Most preservers also combine floral dye with glycerin, for two reasons. First, watching the dye move up the stem lets you know when the process is complete. Second, dye gives the flower or stem a more vibrant color to match its soft feel. Many popular dried plants, such as baby’s breath (Gypsophila paniculata) and bunny-tail grass (Lagurus ovatus), are often dyed in designer colors when they’re glycerinized. Statice is commonly dyed green to make the stems look fresh. (Except for occasional bleeding into white statice flowers, the dye won’t show up in the blossoms.)

If you’re using glycerin, pick flowers when they are fully mature, because immature or aging blooms will not take up the solution readily. Mix one part glycerin with two parts warm water. Use only an inch or so in the bucket, because you will have to replace the solution for each new batch. Stand the flowers in the bucket, in a dark place, and leave them in the solution for a week or so, until the top blossoms have a silky feel. When the glycerin has been absorbed throughout the flowers, take them out of the solution and hang them upside down in a warm, dry place to finish drying.

You also can preserve leaves by immersing them in glycerin solution; this process usually takes about the same amount of time as glycerinizing through the stem.

Preserving with Silica

Some flowers that are too fragile to air-dry or glycerinize can be preserved in silica gel crystals, a desiccant. Silica crystals made for the purpose of flower drying have color indicators that turn pink as they absorb moisture. When the silica gets damp, it can be dried in a low oven (250°F, or 120°C) for two to three hours, until the color indicator becomes blue again. With this technique, the crystals can be reused almost indefinitely. You can buy them at a wholesale florist supply outlet or at a craft shop.

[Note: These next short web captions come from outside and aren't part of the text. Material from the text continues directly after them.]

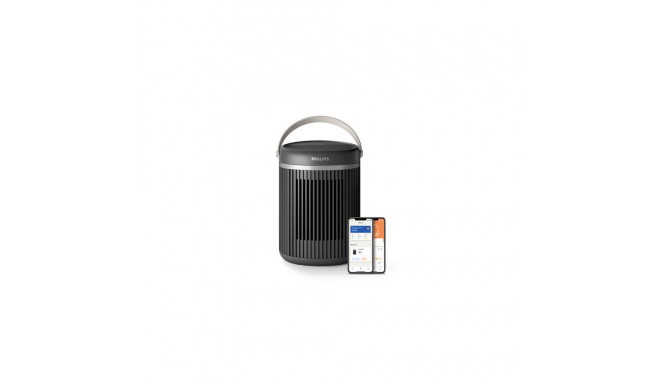 Philips Compact Ceramic Heater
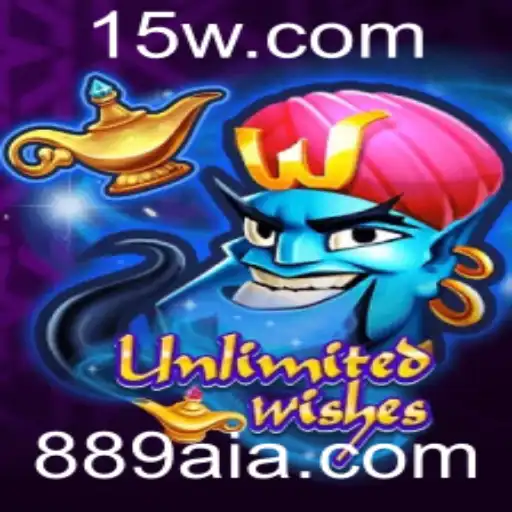 Explorando o Fascinante Mundo de UnlimitedWishes: Um Jogo de Estratégia e Criatividade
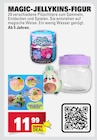 MAGIC-JELLYKINS-FIGUR im Angebot bei E center in Schwäbisch Gmünd MAGIC-JELLYKINS-FIGUR Angebote bei E center Schwäbisch Gmünd für 11,99 €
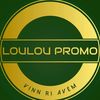 loulou promo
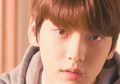 Setelah Yeonjun, Big Hit Ent Kenalkan Soobin Sebagai Member Kedua TXT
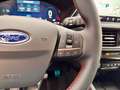 Ford Kuga ST-Line X PHEV 2.5 Auto/PANO/AHK/SHZ/ACC/LH Grün - thumbnail 21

To dry flowers using this method, put a couple of inches of silica gel crystals in an airtight plastic storage container. Lay the blossoms faceup, with stems removed, on top of the crystals. Make sure that the flowers aren’t wet and aren’t touching one another. Gently pour the silica crystals on top of the blossoms, burying them completely at least a half inch deep. Close the container tightly and put it in a dark place. Check the flowers after two days to see if they have dried. Uncover them gently, using a paintbrush or cotton swab, as they will be fragile.

The trick to drying flowers in silica is in the timing. If you leave them in too long, they become brittle and may fall apart when you try to use them. If you don’t leave them in long enough, they will quickly rehydrate and go limp when exposed to humid air. So check your containers every day after the first twenty-four hours and remove any blossoms that have dried. Most flowers will be sufficiently dry within two to four days.

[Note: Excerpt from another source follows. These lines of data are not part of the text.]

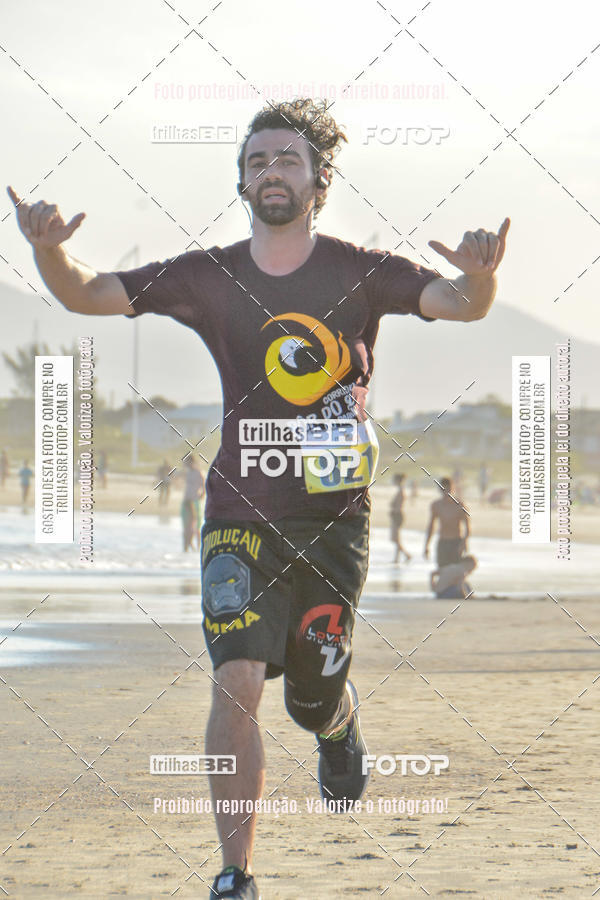 Buy your photos of the eventCorrida do Por do Sol on Fotop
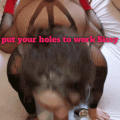 SissyCaptions0001575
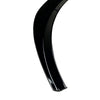 Tesla Model Y ABS Rear Spoiler Trunk Wing (2020-2022)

Many crafters spray their silica-dried flowers with a type of polyurethane coating specially made for floral use. It’s not what I would call an organic substance, though, so be careful to use it sparingly and in a well-ventilated place. If you live in a humid climate, it may become obvious to you that dried flowers need a protective coating in order to last, but in drier climes you can probably forgo this step. Store uncoated silica-dried flowers in another airtight container that has just a trace of crystals spread across the bottom to prevent reabsorption of water. Keep the container in the dark until you’re ready to use the flowers, in order to prevent colors from fading.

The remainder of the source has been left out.